The main purpose of education in the UK is to make people into efficient economic units, the veteran educator and former inspector told delegates at a citizenship conference in Cardiff.

“There is nothing wrong with that - as a nation we have to earn a living,” he said. But he urged teachers to learn how to teach moral reasoning and thinking, and to encourage pupils to ask questions about right and wrong.

Delegates at “Educating the Responsible Citizen”, the fifth annual conference organised by the Institute of Global Ethics UK Trust, also heard from Jane Davidson, Wales’s education minister, and from young people about their views on participation, citizenship and specific issues such as bullying and racism.

John Williams, head of Pen-y-dre high school, Merthyr Tydfil, said people would be able to judge whether a school had citizenship and personal responsibility at its heart by the number and quality of its active partnerships in the community. He praised proposed reforms of the 14-19 curriculum in Wales for putting “giving something back” at the heart of the learning process.

Learning Pathways, the Assembly’s 14-19 policy document, says pupils’

involvement in, say, raising money for charity or doing volunteer work with old people should be recognised and valued.

But Mr Williams acknowledged that involving young people in partnerships with the community was sometimes hampered by the attitudes of the older generation.

Residents’ groups, for example, were often more concerned about “youth annoyance”, he said.

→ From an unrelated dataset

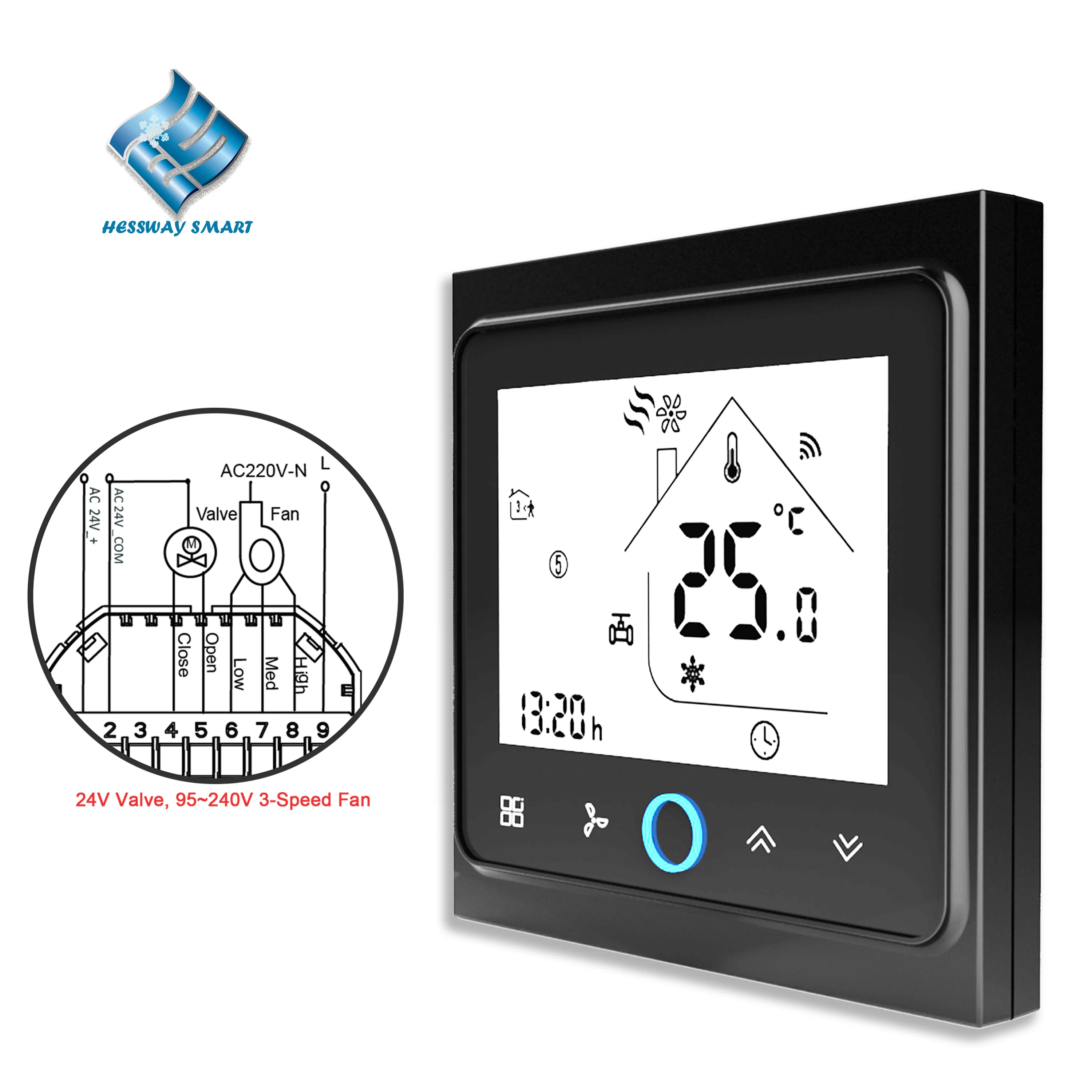 Middle East Smart HVAC Thermostat with RS485/WiFi 24V Power Supply for 2-Pipe Valves&3-Speed Fans Isolation Voltage Switch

He added: “It takes some doing to get them to accept the importance of the learning agenda, because what many of those (groups) want is for youngsters to be ‘dealt with’.”

Darren Bird, national co-ordinator of Funky Dragon, the Welsh Assembly’s organisation for the young, highlighted a row over swear-words being used in the scheme’s online chatrooms. He said the project had done what it could to “censor the words other people don’t like”.

But he added: “Young people will use the language they choose to use. When they talk to ministers, they express their views as they feel. They don’t think to take out words that perhaps you shouldn’t use, but they put their thoughts across. Saying ‘shit’ is not the end of the world.”